USA Today Defeats Rebels

It was the game of the century!

Greg Blake Miller

Kentucky, it seems, has beaten UNLV in the finals of a national basketball tournament. This according to the USA Today website, which, as we know, contains all the news not fit to print. The tournament in question was called the Terrific 20, and was an exercise in the sort of speculative/delusional/participatory publishing that has replaced what was once called journalism. (We're not casting stones, folks; here at the Weekly, we love this stuff.) The Terrific 20 took all the NCAA champions since the tournament expanded to 64 teams and put them in a bracket (with UNLV's 1990 team inexplicably seeded 11th). Each "game" was determined on a best-of-three-votes basis, with one vote each from basketball pundits Mike Lopresti and Pete Simpkinson, and one from you, the American web surfer.

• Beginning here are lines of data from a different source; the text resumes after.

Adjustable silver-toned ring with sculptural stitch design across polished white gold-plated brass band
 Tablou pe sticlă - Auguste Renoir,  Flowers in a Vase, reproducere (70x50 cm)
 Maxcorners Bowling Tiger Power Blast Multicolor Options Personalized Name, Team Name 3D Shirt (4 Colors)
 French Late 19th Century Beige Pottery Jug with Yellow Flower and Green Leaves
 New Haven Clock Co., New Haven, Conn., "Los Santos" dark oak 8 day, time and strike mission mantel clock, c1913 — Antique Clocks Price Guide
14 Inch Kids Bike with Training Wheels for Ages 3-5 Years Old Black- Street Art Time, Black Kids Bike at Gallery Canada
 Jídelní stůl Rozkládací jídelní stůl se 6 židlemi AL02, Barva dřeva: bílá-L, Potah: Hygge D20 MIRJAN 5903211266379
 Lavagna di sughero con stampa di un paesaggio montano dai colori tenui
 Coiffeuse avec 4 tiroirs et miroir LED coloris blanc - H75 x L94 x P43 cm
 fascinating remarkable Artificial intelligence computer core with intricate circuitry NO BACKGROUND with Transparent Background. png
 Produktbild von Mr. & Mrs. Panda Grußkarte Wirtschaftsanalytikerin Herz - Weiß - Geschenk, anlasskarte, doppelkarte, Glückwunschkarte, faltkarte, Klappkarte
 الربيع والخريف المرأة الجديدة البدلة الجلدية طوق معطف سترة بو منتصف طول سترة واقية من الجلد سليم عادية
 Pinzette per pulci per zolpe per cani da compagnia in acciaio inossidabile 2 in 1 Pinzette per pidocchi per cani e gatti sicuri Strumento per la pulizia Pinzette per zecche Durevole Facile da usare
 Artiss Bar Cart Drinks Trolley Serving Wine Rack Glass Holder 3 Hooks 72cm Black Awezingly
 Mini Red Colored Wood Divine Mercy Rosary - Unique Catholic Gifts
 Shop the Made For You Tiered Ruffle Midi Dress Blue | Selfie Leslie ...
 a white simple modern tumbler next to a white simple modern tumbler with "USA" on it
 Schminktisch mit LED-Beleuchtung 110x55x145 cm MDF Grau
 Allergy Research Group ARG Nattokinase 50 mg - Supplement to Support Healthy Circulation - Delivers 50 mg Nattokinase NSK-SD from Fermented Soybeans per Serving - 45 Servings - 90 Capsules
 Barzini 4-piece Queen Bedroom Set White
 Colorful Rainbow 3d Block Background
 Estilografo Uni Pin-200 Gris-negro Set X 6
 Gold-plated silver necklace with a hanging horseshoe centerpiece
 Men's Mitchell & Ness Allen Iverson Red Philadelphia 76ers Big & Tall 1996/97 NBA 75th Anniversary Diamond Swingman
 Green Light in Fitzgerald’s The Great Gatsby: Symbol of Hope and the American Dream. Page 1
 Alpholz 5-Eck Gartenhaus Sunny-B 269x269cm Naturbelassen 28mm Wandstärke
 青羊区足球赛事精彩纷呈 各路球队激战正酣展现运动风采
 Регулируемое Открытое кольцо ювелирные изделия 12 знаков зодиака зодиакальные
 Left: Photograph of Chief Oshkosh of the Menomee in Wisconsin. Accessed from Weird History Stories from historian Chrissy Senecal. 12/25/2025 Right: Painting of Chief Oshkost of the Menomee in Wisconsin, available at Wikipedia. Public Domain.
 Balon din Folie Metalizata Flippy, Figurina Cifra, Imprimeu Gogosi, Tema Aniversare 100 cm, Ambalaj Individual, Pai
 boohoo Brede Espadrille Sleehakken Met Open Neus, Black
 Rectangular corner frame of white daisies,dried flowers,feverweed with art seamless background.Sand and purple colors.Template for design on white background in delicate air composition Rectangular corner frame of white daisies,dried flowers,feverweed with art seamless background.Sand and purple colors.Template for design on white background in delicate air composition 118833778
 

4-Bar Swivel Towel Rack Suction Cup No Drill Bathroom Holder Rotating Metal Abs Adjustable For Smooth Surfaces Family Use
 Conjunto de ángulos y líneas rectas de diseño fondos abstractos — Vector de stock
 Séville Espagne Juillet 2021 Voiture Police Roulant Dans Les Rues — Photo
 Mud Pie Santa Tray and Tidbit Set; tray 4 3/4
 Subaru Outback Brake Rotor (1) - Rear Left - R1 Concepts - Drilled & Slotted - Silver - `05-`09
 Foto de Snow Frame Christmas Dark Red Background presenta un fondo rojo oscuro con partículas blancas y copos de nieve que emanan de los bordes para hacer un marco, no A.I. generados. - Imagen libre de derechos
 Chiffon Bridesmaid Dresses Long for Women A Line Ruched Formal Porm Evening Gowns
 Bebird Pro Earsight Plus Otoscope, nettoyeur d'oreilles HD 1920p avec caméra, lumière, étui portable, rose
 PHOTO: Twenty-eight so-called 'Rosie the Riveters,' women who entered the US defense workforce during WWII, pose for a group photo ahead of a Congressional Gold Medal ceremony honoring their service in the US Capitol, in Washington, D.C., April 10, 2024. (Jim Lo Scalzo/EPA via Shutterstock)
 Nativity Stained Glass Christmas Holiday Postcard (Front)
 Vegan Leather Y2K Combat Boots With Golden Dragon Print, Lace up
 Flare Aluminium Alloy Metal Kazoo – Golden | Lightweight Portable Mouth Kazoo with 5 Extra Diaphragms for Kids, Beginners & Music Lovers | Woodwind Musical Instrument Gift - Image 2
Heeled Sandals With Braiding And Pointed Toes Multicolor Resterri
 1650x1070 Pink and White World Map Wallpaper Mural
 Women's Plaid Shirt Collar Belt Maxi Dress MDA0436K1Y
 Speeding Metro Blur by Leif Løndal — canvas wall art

The Rebels defeated—er, were elected over—the 1989 Michigan club in Round 1, North Carolina '93 in Round 2 and Duke '01 in the semifinals. Then came the big game against Kentucky's 1996 team, which, according to Lopresti, would defeat UNLV '90 with "swarming, relentless defense" and a "limitless supply of fresh legs," dictating a slower tempo and keeping the score low. Simpkinson, calling it "the best game that never was," speculated that Kentucky would not be intimidated the way so many Rebel opponents were in '89-'90 and would, with experienced guards, force UNLV into plenty of turnovers and neutralize the Rebels' hot-shooting two-guard, Anderson Hunt.


Web surfers, meanwhile, chose Kentucky by a margin of 65 percent to 35 percent, with a total of 4,314 votes.


Meanwhile, we here in Las Vegas have one thing to say about all this: Yeah, right.